The software packages we need for this custom kernel are:

  • pytorch
  • torchvision
  • cudatoolkit
  • ipykernel

3. Request an Interactive GPU session via Open OnDemand's Cluster Feature

The ‘place’ to build a custom kernel is NOT the login or headnodes of any HPC cluster. This is because the compute resources provided by these nodes are limited to a very light workload. The other reason is that sometimes it can take a considerable amount of time for the software to be installed and the kernel built. Another important consideration is that you will want to have sufficient ‘tmp’ storage for the build process to stage the files during the install. All in all, you would want to build the custom kernel using a dedicated interactive gpu session that has the hardware support you intend to use for the notebook. Select the Agate Shell Access from the 'Clusters' drop down menu, at the command line, type "srun -N 1 -n 10 --mem=32g --tmp=100g -t 120 --gres=gpu:a40:1 -p interactive-gpu  --pty bash -l " . This will launch an interactive session backed by an A40 GPU from the 'interactive-gpu' partition for 2 hours (-t 120). 

 


4. Run Mamba to Install the Software

Once we have the interactive session running, we can start building the custom kernel using the mamba package manager. The custom kernel software will be installed in your home directory under ~/.conda/envs/, which is the default location.

 

load the mamba package manager at the terminal

 

module load mamba

 

create a virtual environment named pytorch_jupyter_a40

mamba create -n pytorch_jupyter_a40
conda activate pytorch_jupyter_a40
mamba install -c pytorch -c nvidia pytorch-cuda=11.8 torchvision ipykernel -c conda-forge

5. Make the Custom Kernel Selectable by Assigning a Display Name

Setting the display name of the kernel to “pytorch_jupyter_a40”

python3 -m ipykernel install --user --name pytorch_jupyter_a40 --display-name "pytorch_jupyter_a40"

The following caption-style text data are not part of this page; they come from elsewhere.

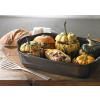 Plat de cuisson four 36 x 23 cm, crème, argile, Emile Henry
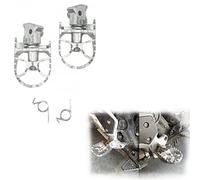 Pegs Accessories Motorcycle Footpeg For BMW R1200GS ADV 2014-2019 2015 2016 2017 2018 Footboard Foot Pegs Rest Pedals Wide Footrest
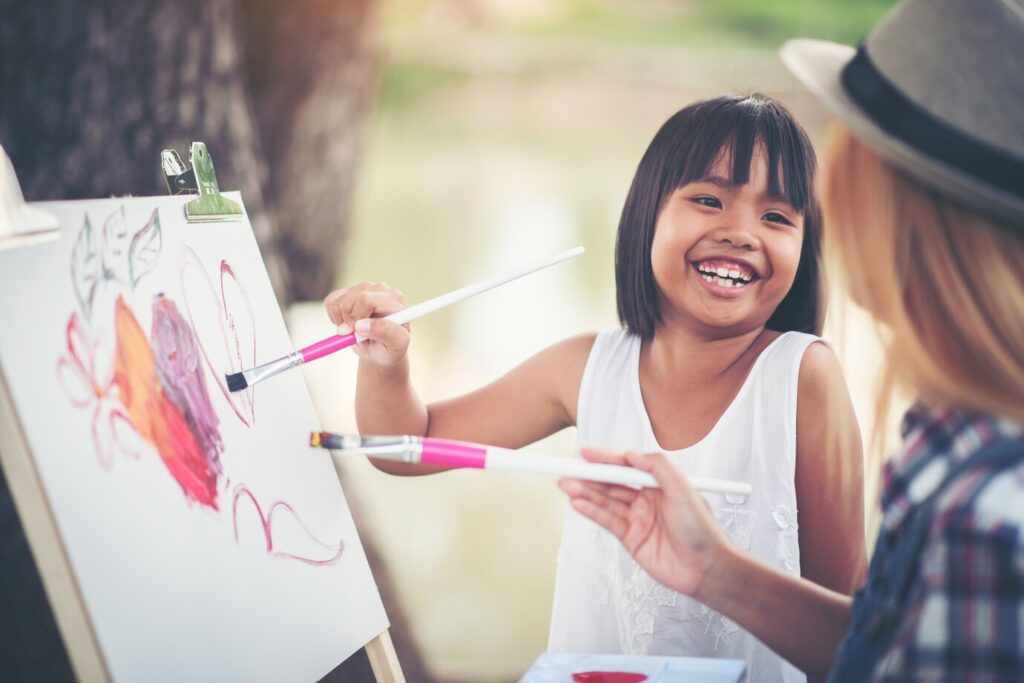 Terapi Seni Art Therapy untuk Ekspresi Emosi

6. Configure and Launch the Notebook

On the OOD web portal, go to Interactive App, then select Jupyter from the pulldown menu.

 

 

When all the parameters are set, you can deploy the notebook by clicking the “Launch” button at the bottom of the page.

 




7. Connect to the Jupyter Notebook

It will usually take a few minutes for the notebook to start up, but once it is ready, you should see the following screen or similar which shows the basic setting of the notebook and the “Connect to Jupyter” button. Click the button to launch the notebook!

 

8. Select Kernel

Now you should see something similar to what is showing below. You should see the custom kernel “pytorch_jupyter_a40” is loaded and that the NVIDIA A40 GPU is available to the PyTorch framework. A small test was done using a=torch.randn(10).cuda() to make sure we can use the GPU for computation.